Picture by Writer | Midjourney
Â
Time-based information could be distinctive once we face completely different time-zones. Nonetheless, decoding timestamps could be onerous due to these variations. This information will assist you handle time zones and timestamps with the Pandas library in Python.
Â
Preparation
Â
On this tutorial, we’ll use the Pandas package deal. We will set up the package deal utilizing the next code.
Â
Now, we’ll discover the right way to work with time-based information in Pandas with sensible examples.
Â
Dealing with Time Zones and Timestamps with Pandas
Â
Time information is a singular dataset that gives a time-specific reference for occasions. Essentially the most correct time information is the timestamp, which comprises detailed details about time from 12 months to millisecond.

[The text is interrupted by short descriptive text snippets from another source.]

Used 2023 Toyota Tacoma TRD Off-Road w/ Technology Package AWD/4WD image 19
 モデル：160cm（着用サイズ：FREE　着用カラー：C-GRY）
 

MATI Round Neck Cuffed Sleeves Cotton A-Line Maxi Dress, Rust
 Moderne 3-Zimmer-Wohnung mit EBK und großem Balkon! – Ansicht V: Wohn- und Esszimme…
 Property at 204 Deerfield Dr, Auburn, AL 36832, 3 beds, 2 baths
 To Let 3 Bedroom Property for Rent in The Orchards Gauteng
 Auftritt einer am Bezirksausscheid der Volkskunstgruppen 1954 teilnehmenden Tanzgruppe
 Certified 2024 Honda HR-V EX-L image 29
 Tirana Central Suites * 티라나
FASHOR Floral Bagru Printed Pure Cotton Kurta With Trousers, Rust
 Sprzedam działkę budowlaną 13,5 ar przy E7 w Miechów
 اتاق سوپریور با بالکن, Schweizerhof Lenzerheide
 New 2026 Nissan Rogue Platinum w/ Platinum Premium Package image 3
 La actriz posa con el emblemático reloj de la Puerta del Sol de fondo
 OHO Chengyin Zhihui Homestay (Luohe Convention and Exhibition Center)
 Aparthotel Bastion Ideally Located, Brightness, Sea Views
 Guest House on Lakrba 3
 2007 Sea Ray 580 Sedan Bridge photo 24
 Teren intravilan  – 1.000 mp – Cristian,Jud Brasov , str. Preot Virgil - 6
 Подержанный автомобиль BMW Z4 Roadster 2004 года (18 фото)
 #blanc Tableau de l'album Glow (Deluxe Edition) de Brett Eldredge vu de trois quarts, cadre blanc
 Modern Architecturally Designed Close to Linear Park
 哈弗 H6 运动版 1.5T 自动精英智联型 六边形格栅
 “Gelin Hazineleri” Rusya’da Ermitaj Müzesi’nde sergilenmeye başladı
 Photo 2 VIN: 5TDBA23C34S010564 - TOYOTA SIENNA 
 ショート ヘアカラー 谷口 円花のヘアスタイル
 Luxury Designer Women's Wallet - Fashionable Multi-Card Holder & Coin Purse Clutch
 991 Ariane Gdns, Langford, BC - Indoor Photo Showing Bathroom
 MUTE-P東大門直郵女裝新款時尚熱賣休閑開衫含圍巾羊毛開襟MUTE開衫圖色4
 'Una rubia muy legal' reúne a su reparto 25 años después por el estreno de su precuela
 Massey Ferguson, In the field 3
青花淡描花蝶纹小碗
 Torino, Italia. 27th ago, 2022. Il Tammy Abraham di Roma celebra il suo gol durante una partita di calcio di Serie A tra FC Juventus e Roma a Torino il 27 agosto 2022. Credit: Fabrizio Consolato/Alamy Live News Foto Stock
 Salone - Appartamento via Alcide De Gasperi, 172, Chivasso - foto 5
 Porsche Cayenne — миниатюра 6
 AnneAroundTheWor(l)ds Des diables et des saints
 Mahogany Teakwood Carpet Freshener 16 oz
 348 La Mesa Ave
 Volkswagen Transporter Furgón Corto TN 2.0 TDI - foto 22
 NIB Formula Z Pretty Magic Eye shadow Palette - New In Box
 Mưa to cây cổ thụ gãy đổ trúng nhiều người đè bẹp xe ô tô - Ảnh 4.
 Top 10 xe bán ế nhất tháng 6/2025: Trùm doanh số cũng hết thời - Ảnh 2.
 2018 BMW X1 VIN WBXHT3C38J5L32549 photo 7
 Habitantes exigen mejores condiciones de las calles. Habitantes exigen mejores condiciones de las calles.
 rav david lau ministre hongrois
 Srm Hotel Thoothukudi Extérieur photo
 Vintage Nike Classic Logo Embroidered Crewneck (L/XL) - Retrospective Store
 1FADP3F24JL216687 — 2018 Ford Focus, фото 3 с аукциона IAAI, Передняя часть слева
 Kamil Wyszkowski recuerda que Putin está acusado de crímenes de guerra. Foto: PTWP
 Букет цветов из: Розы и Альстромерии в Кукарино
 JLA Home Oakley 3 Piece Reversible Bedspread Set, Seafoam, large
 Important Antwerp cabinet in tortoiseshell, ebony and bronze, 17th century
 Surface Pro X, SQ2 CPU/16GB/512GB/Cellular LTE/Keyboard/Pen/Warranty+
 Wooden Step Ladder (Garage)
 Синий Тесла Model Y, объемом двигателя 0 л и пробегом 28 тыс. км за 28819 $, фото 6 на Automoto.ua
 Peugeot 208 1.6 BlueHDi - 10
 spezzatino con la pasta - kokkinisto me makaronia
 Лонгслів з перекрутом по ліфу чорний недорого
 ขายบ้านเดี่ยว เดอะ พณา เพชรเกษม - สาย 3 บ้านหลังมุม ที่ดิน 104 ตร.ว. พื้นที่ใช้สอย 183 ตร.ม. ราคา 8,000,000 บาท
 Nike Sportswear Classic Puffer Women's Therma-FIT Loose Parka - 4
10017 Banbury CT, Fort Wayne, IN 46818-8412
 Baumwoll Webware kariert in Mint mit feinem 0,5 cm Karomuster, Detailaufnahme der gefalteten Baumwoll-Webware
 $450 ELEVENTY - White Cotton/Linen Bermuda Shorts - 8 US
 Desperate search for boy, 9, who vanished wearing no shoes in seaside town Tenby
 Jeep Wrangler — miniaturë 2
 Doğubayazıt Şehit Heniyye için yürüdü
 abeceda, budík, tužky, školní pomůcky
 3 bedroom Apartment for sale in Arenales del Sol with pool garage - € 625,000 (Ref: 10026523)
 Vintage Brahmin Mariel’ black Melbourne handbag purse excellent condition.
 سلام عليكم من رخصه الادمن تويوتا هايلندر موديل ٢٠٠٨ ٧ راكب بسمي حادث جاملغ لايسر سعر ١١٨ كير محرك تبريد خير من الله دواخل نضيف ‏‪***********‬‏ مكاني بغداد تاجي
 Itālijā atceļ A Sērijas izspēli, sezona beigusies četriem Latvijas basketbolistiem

Let’s begin by making a pattern dataset.
import pandas as pd
information = {
'transaction_id': [1, 2, 3],
'timestamp': ['2023-06-15 12:00:05', '2024-04-15 15:20:02', '2024-06-15 21:17:43'],
'quantity': [100, 200, 150]
}
df = pd.DataFrame(information)
df['timestamp'] = pd.to_datetime(df['timestamp'])
Â
The ‘timestamp’ column within the instance above comprises time information with second-level precision. To transform this column to a datetime format, we must always use the pd.to_datetime
operate.”
Afterward, we will make the datetime information timezone-aware. For instance, we will convert the info to Coordinated Common Time (UTC)
df['timestamp_utc'] = df['timestamp'].dt.tz_localize('UTC')
print(df)
Â
Output>>
transaction_id timestamp quantity timestamp_utc
0 1 2023-06-15 12:00:05 100 2023-06-15 12:00:05+00:00
1 2 2024-04-15 15:20:02 200 2024-04-15 15:20:02+00:00
2 3 2024-06-15 21:17:43 150 2024-06-15 21:17:43+00:00
Â
The ‘timestamp_utc’ values comprise a lot data, together with the time-zone. We will convert the prevailing time-zone to a different one. For instance, I used the UTC column and adjusted it to the Japan Timezone.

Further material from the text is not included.